┌────────

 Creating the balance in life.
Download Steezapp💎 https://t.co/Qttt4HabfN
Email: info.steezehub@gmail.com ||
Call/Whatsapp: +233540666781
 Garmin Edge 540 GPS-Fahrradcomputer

└────────
┌────────

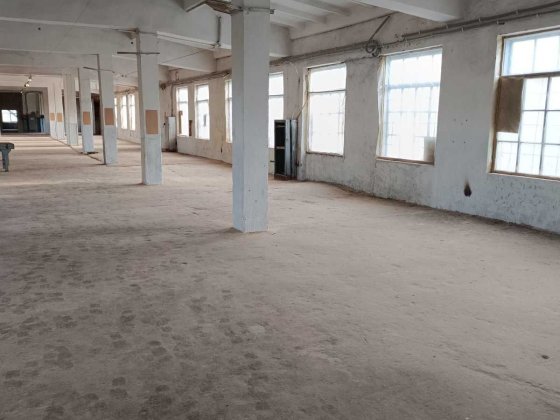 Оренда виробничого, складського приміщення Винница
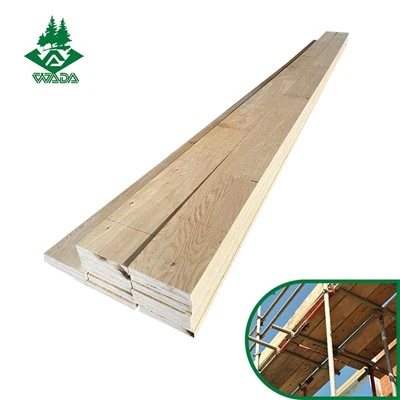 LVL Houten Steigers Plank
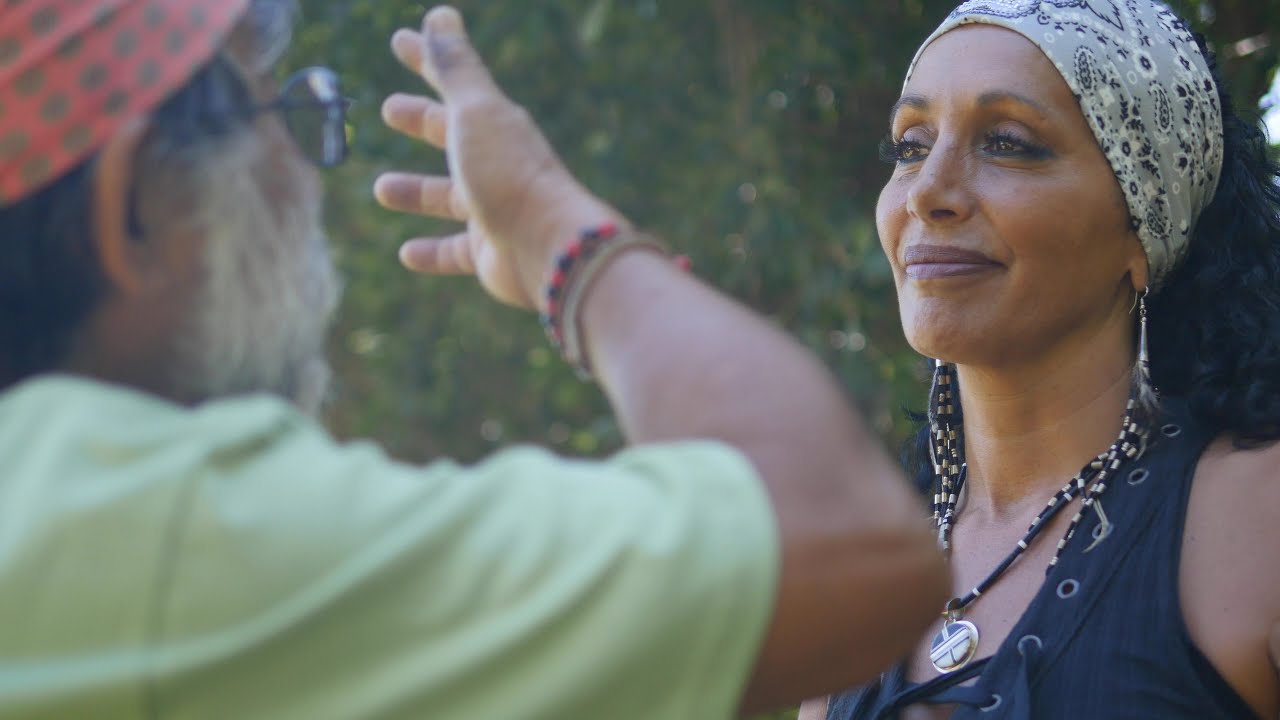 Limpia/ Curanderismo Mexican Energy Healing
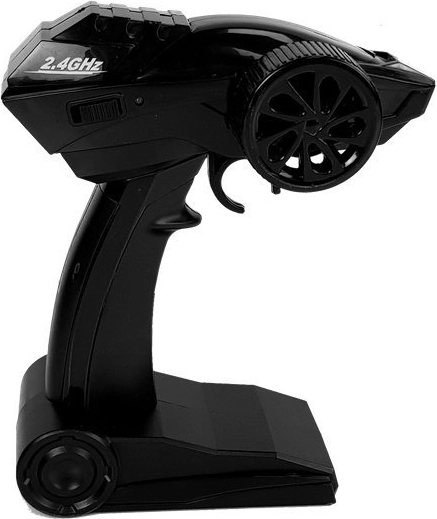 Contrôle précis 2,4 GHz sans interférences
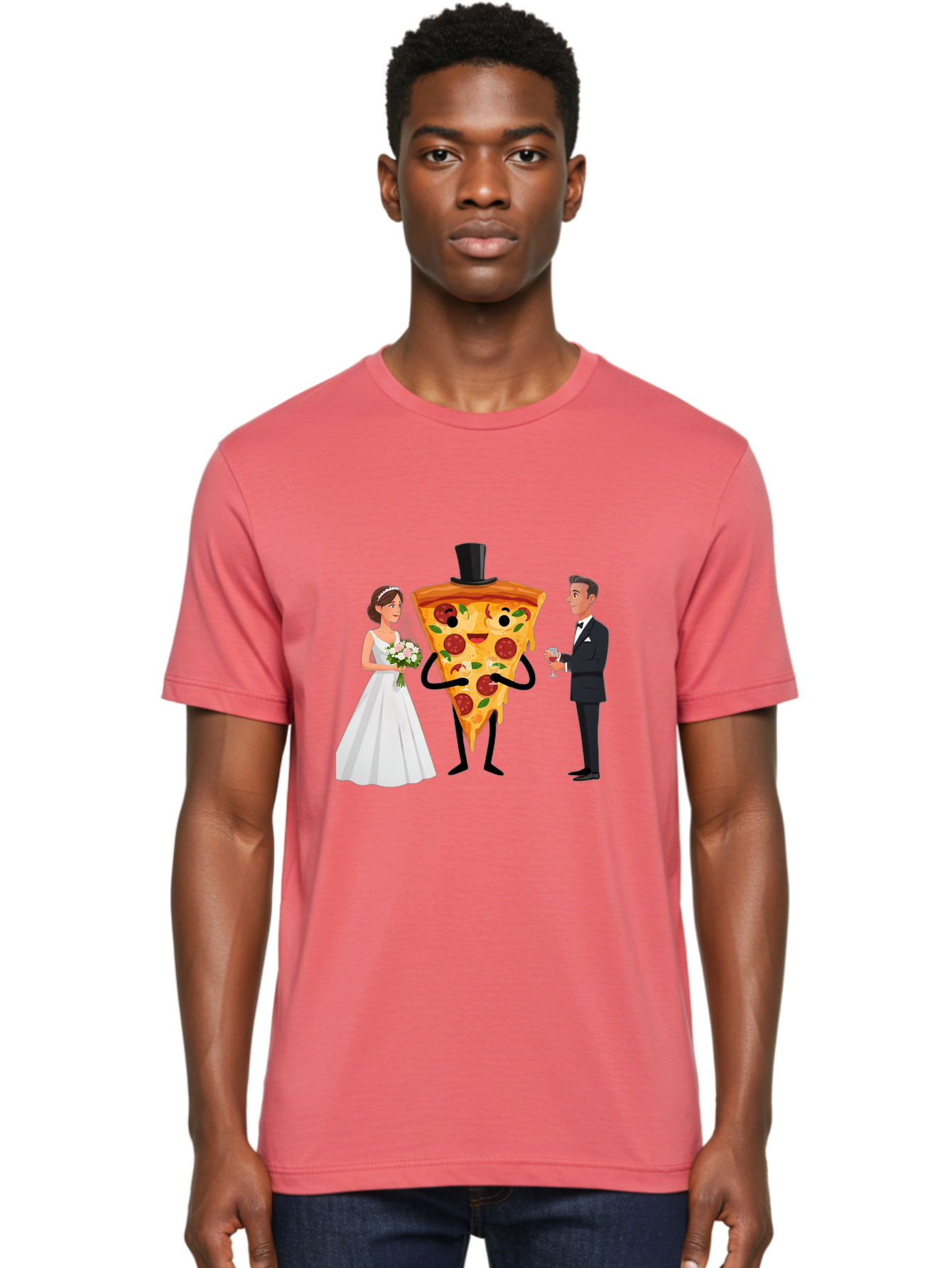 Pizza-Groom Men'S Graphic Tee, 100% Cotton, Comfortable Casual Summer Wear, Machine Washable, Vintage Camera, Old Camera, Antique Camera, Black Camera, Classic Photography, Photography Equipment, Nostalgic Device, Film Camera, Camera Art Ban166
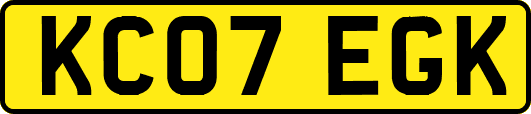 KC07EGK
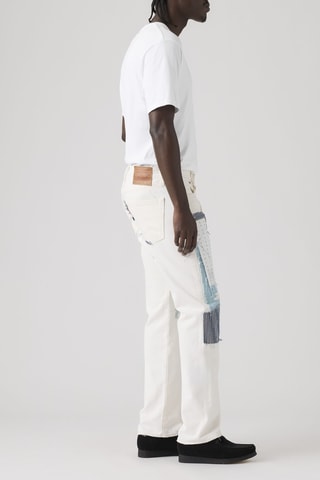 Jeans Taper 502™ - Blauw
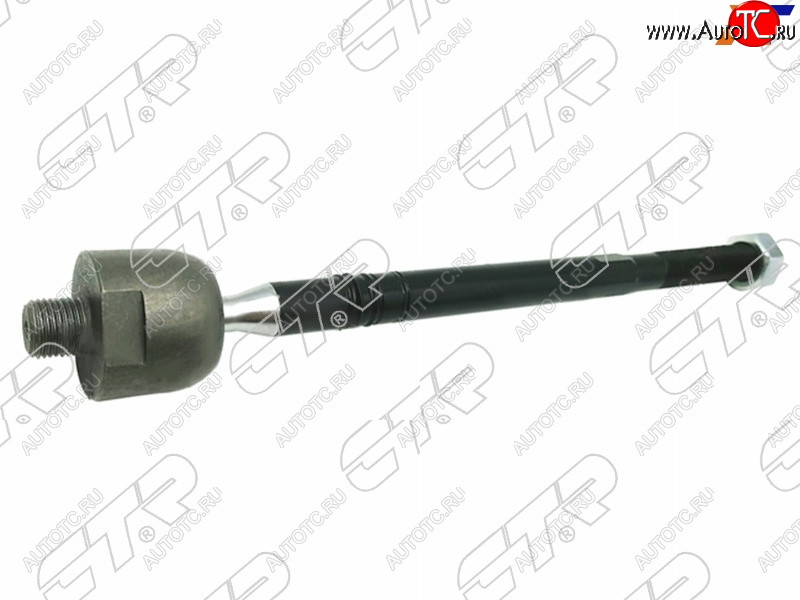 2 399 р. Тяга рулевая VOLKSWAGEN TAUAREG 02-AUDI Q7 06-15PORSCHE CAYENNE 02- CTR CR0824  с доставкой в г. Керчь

└────────

-- EXERCISE --
Your answer should be the lines of the listing above between the line holding "Download Steezapp💎 https://t.co/Qttt4HabfN" and the line holding "Garmin Edge 540 GPS-Fahrradcomputer", inclusive, restated word for word and alone.

-- TASK RESPONSE --
Download Steezapp💎 https://t.co/Qttt4HabfN
Email: info.steezehub@gmail.com ||
Call/Whatsapp: +233540666781
 Garmin Edge 540 GPS-Fahrradcomputer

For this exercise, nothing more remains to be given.